TASK GOAL | Copy all the data exactly, except the pictures.

RECORDED INFORMATION |
═══

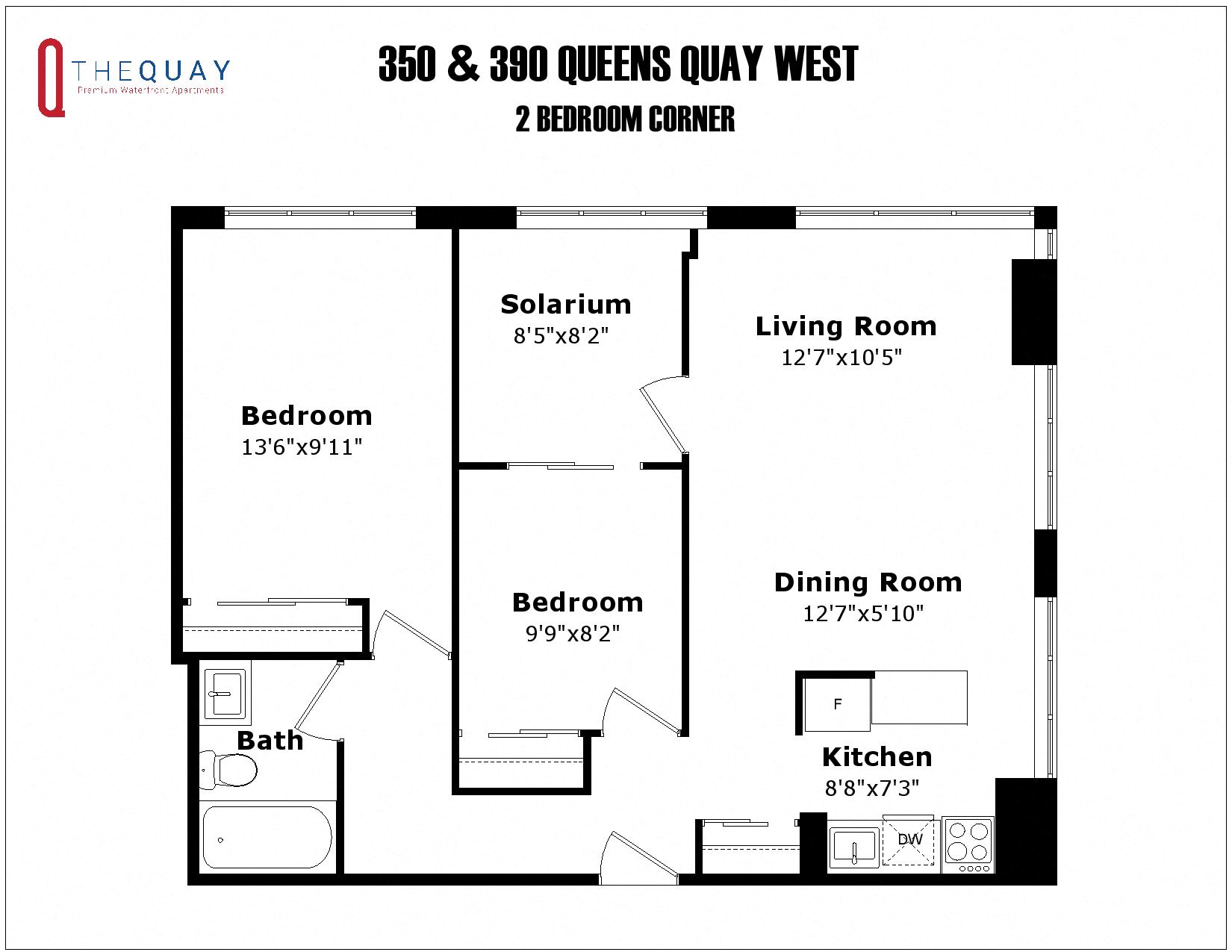 Floor plan for 2 beds, 1 bath, 794 sqft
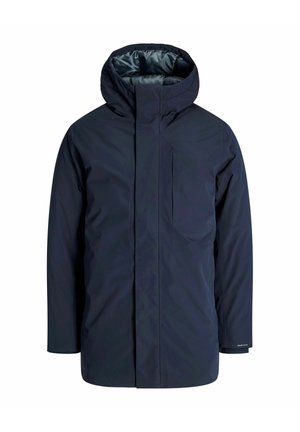Navy waterproof jacket with a high collar, adjustable hood, and chest pocket. Smooth outer texture and lined interior for insulation.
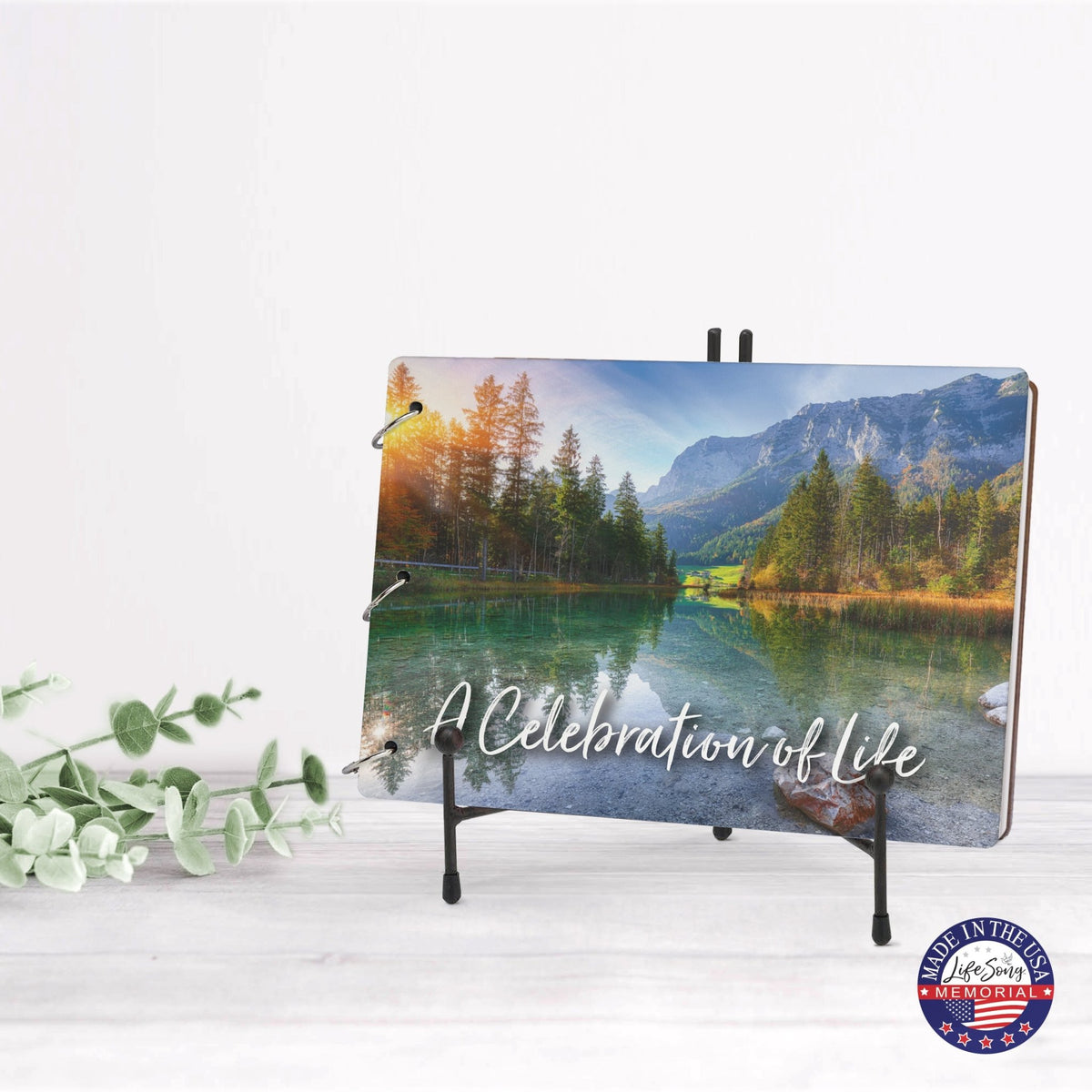 Celebration Of Life Funeral Guest Books For Memorial Services Registry With Wooden Cover - LifeSong Milestones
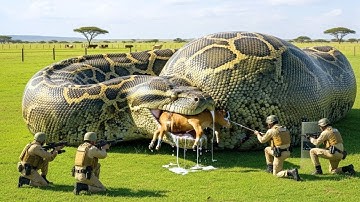 Fearless Courageous Rescue Team Battles Massive Python to Save a Helpless Steer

═══

ANSWER AREA |
 Floor plan for 2 beds, 1 bath, 794 sqft
Navy waterproof jacket with a high collar, adjustable hood, and chest pocket. Smooth outer texture and lined interior for insulation.
 Celebration Of Life Funeral Guest Books For Memorial Services Registry With Wooden Cover - LifeSong Milestones
 Fearless Courageous Rescue Team Battles Massive Python to Save a Helpless Steer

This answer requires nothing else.